This date is actually going remarkably well, considering that Nice Boots is pretty quiet and feels out of place and I feel sheepish and awkward and we are in hipster hell. I catch myself feel wistful that I am meeting her in this setting and not on some other first date, like in a coffee house or at a park, because she is fun enough to talk to and she might have made a good friend. At the end of the date she tells me that she thinks I am brave and she admires me for doing something so brazen. I respond with another round of ‘thank you so much’; there is nothing else that I can say to this person. I am once again full and I am overwhelmed by her kindness. Secretly I also think that the women who are buying me these meals are probably a little crazy, a little lonely, a little bored, and a little naive, but they are also kind, generous, spontaneous, adventurous, and fun to be around for an evening, and I am not going to argue with myself any longer about whether or not I truly need the charity.

Nice Boots walks me to my car and bids me goodbye and invites me to her play, which opens next week.
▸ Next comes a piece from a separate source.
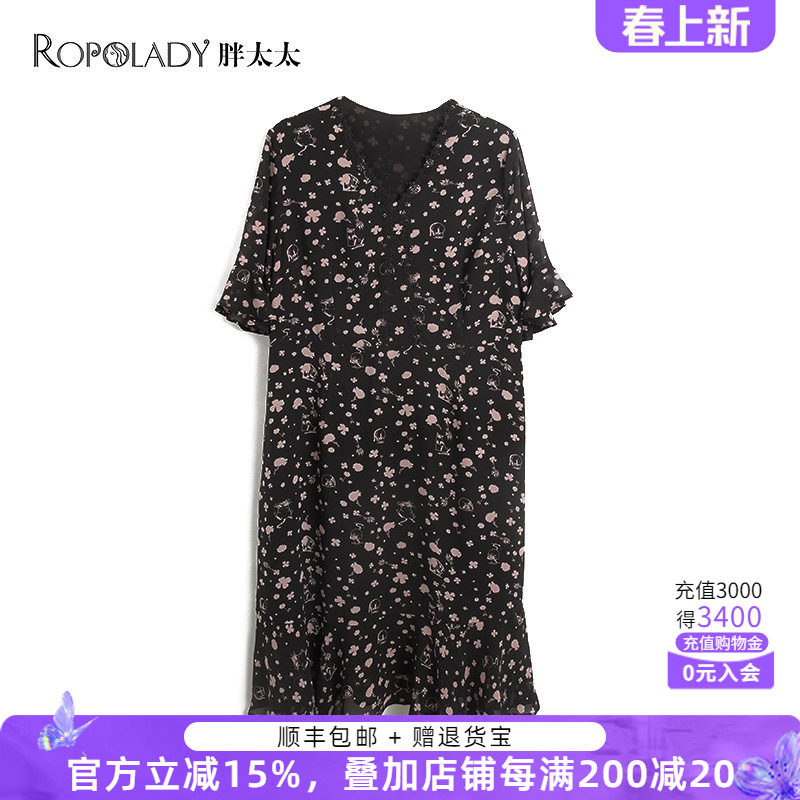 大码女装夏季新品时尚短袖碎花宽松黑色中长显瘦连衣裙821203940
The tickets are on the house.


2 Comments »

  1. If you had taken me to this restaurant I probably would have given you $15 for your “meal” and then stopped at Taco Bell on my way home.

    Heh.

    Silly vegetarians! Don’t you know?!

    MEAT GOOD! SALAD BAD! AAAAAA-NUMNUMNUMNUM!

    Comment by addy — January 31, 2008 @ 7:41 pm

  2. you’re allergic to aviator sunglasses except when you WEAR them.

    how is your face not a huge rash right now!?